• ACTIVITY
Once you find the line containing "Otonashi Water Park", set down exactly that line and every one after it through the end of the listing below, with both ends included and any pictures omitted.

DATASET ENTRIES START

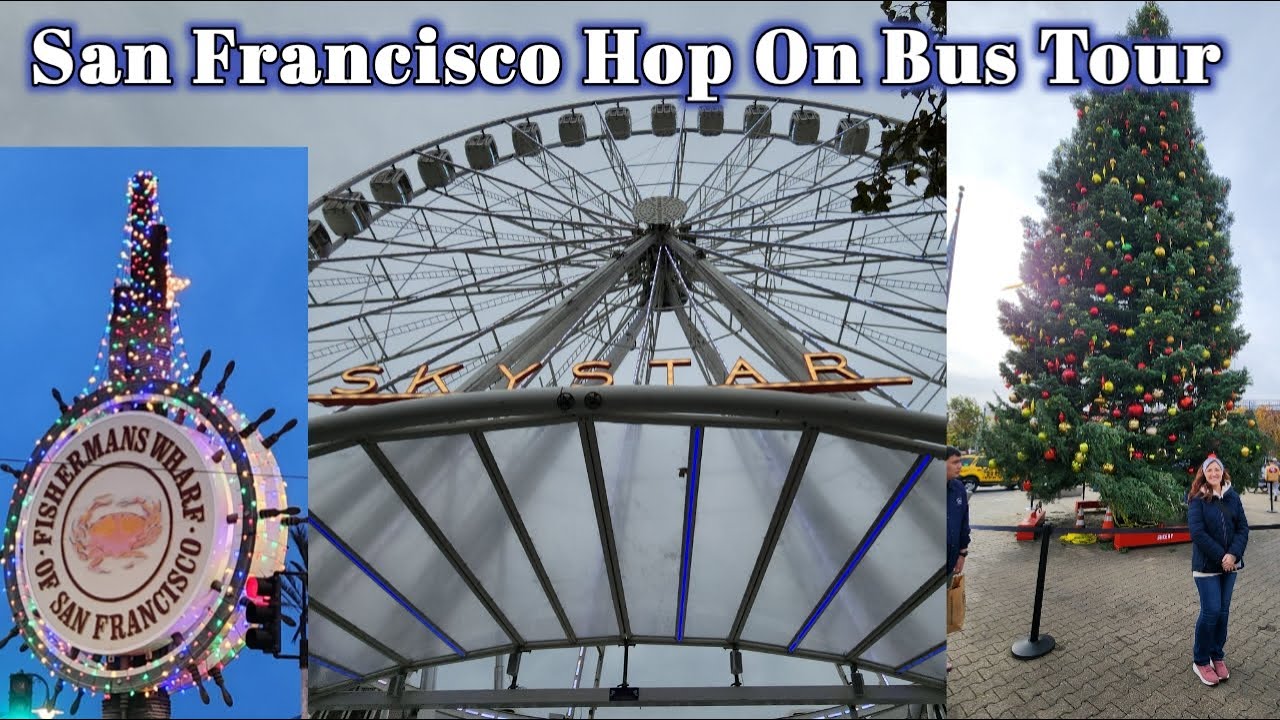 San Francisco, Hop On Hop Off Bus, California Coastal Tour | Alaskan Bears Vlogs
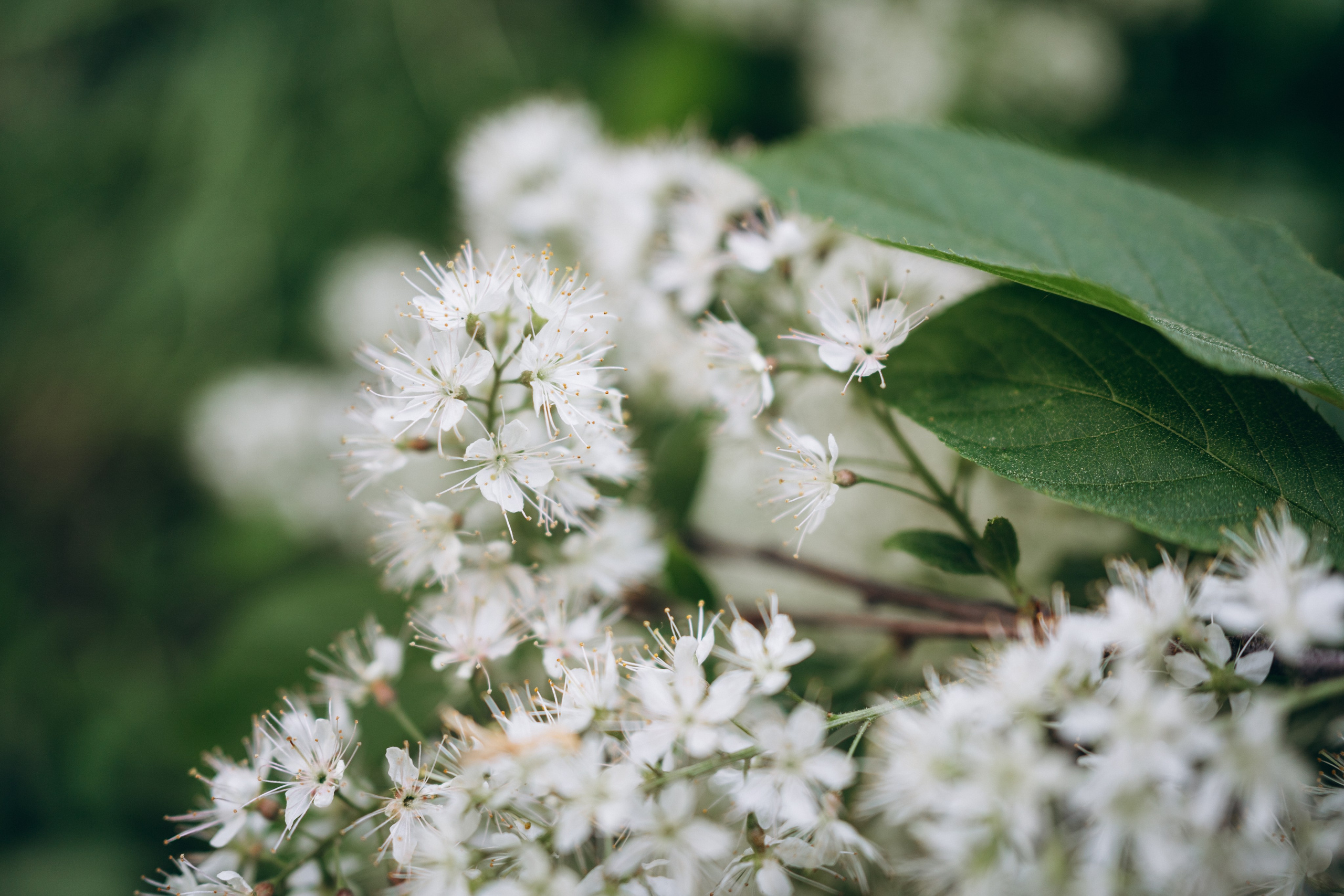 Лиза. Фотограф-анималист Анастасия Большакова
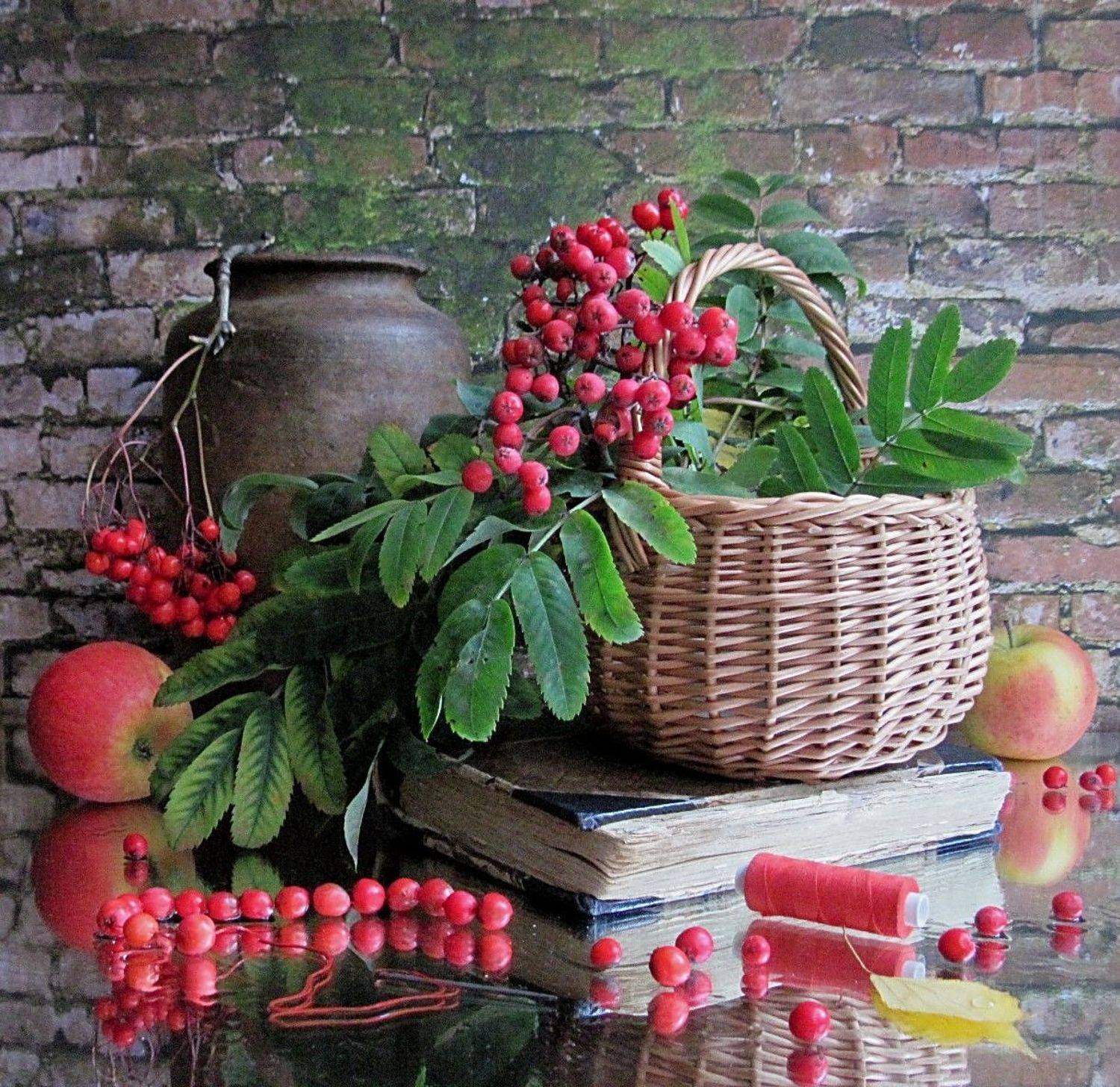 ветки, рябина, яблоки, корзина, ваза, книга, нитки, иголка, рябиновые бусы, Наталия Тихомирова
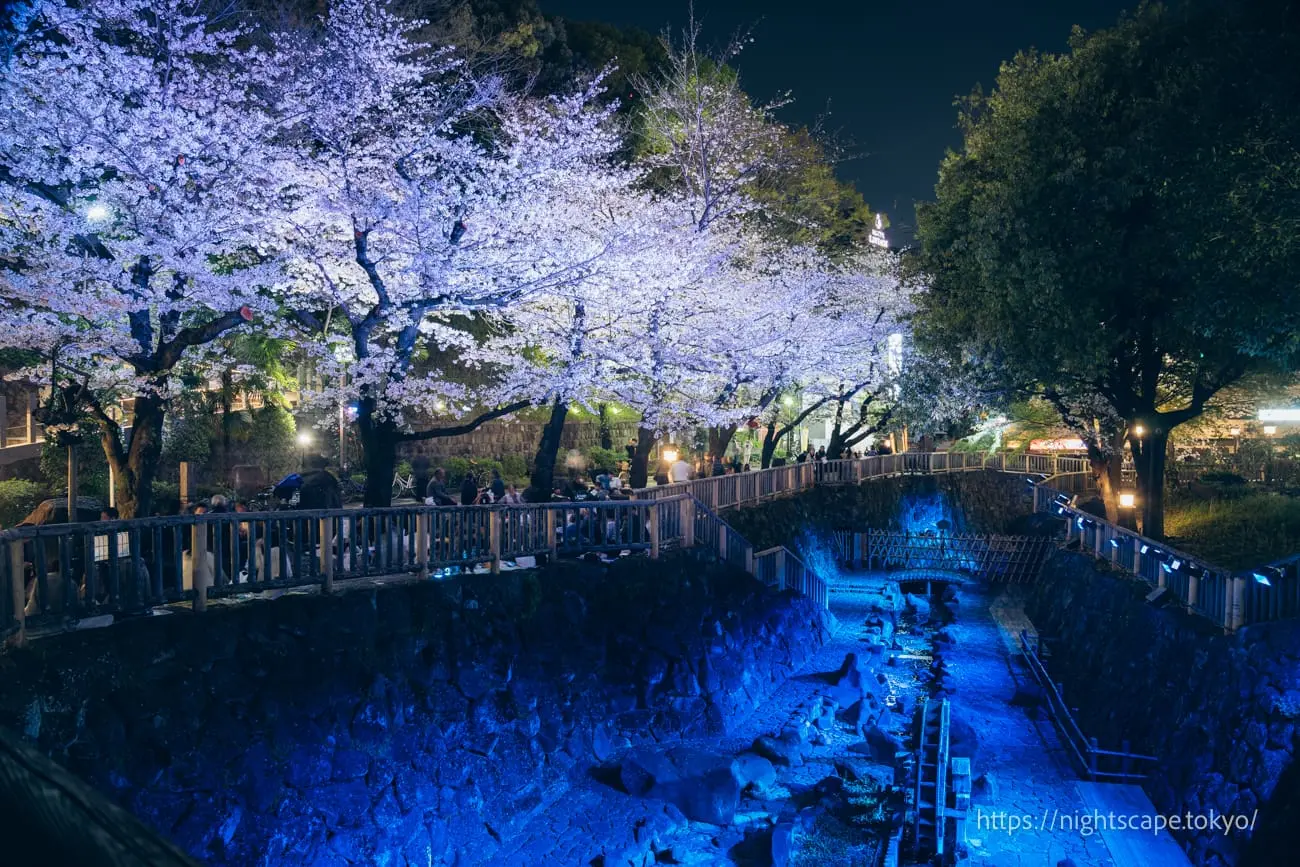 Otonashi Water Park Spring Illumination 2025の夜景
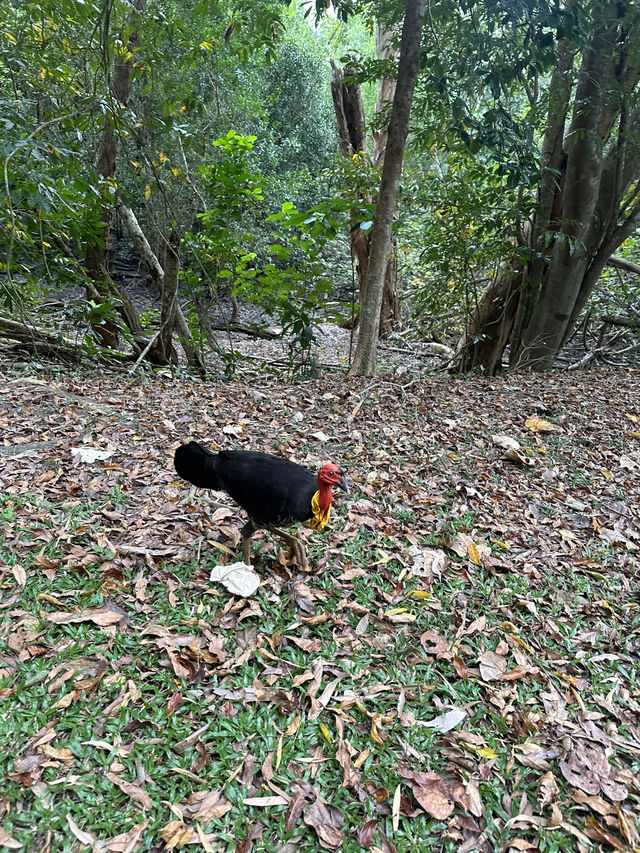 ケアンズ🇦🇺 レインフォレストボードウォーク🌳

DATASET ENTRIES END

• EXPECTED ANSWER
 Otonashi Water Park Spring Illumination 2025の夜景
 ケアンズ🇦🇺 レインフォレストボードウォーク🌳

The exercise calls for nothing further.